Les membres de la confrérie étaient à l’origine des humains choisis pour devenir les premiers théurgistes, ces êtres n’œuvraient ni pour le bien ni pour le mal, mais pour une cause qu’eux seuls comprenaient et connaissaient.

Les trois membres étaient rassemblés autour d’un rocher au cœur de leur sanctuaire, dans les profondeurs du cimetière Olšany, et regardaient les marques briller, puis s’éteindre sur le corps inerte de Taylor.

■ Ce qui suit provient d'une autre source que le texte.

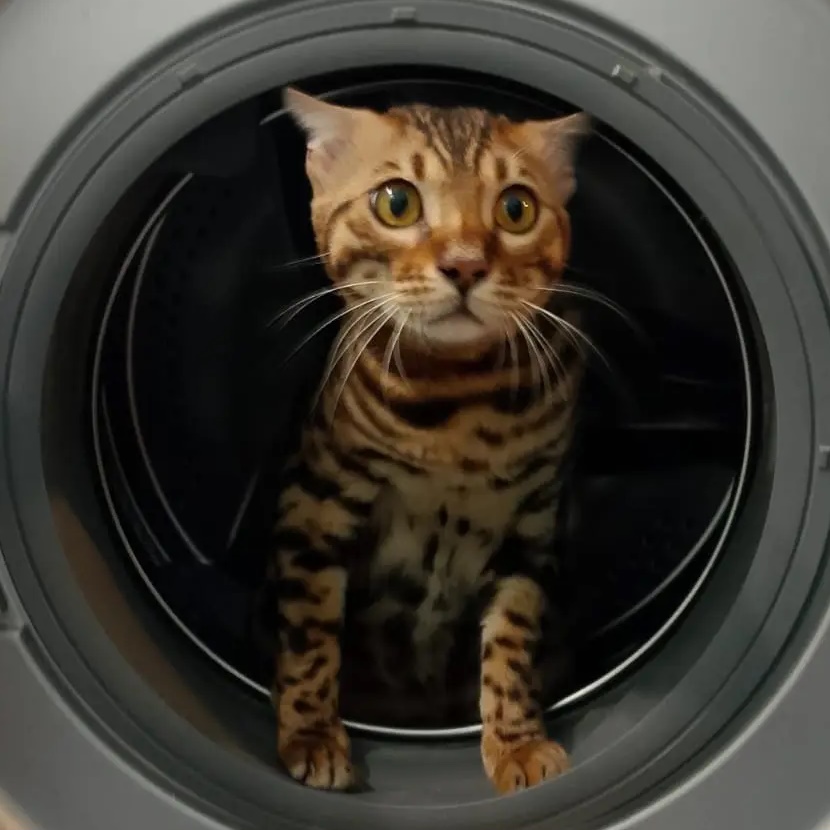 Усы, лапы и хвост!🐾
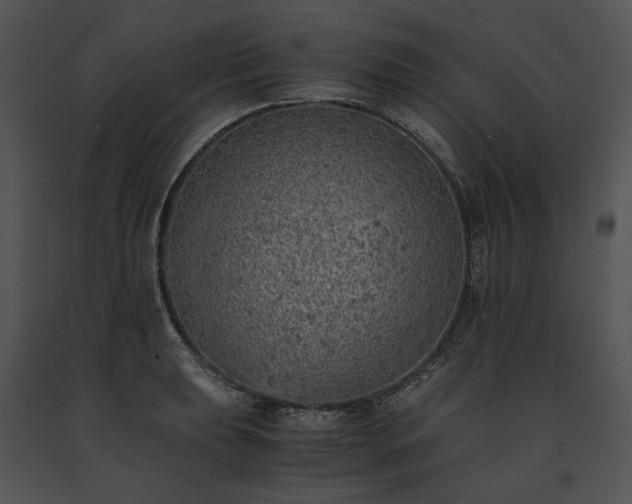 X0000091651039200708301415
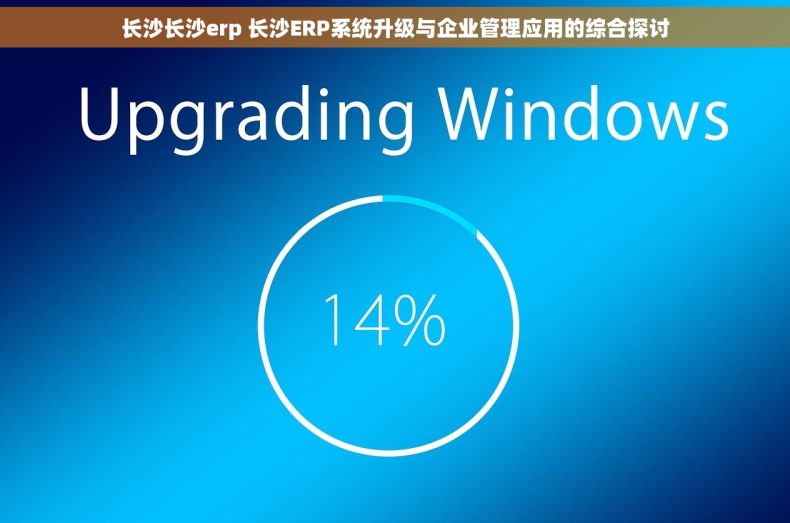 长沙长沙erp 长沙ERP系统升级与企业管理应用的综合探讨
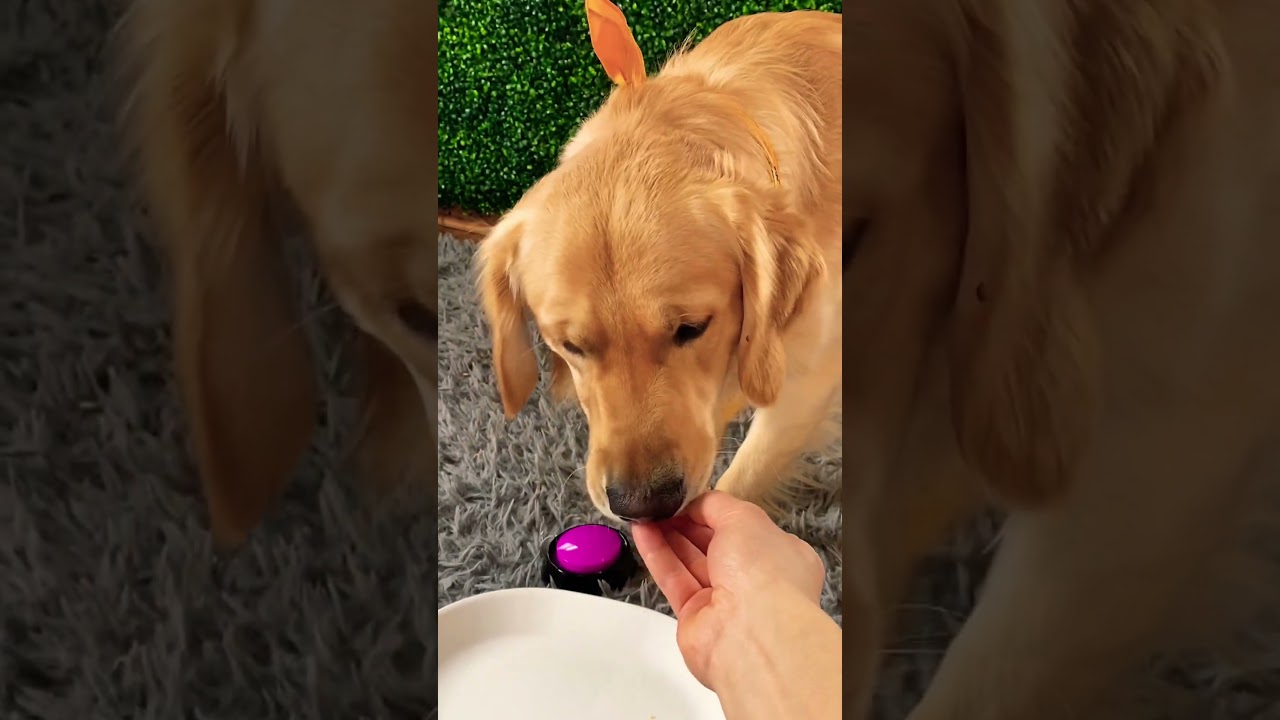 Funny Dog INSTANTLY REGRETS Button Choice 😂🐶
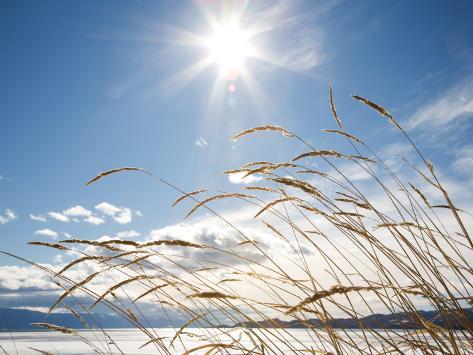  - andrew-geiger-winter-grass_i-G-41-4151-FSNMF00Z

- Théurgiste Taylor Masaryk.

Celle-ci se redressa désorientée et s’assit au bord de la pierre, nauséeuse. Tkeg, à l’âme verte, s’approcha et leva la main devant elle sans la toucher. Elle attendit sans bouger ni parler, elle se sentait étrange, comme si tout n’était qu’un vaste rêve, une illusion.

- Achevée.

Tkeg s’éloigna et reprit sa place auprès des autres membres. Taylor observa son environnement et vit un récipient d’eau posé sur une surface rocheuse. Elle se leva, marche d’un pas silencieux sur le sol irrégulier et but le contenu du bol pour assouvir sa soif. Ses gestes étaient sans hésitation, sans failles et donnaient un aspect robotisé. Elle se sentait différente : plus forte, plus habile et surtout plus sombre. Elle avait conscience de la noirceur qui l’habitait, mais maintenant elle l’acceptait et ne la repoussait plus.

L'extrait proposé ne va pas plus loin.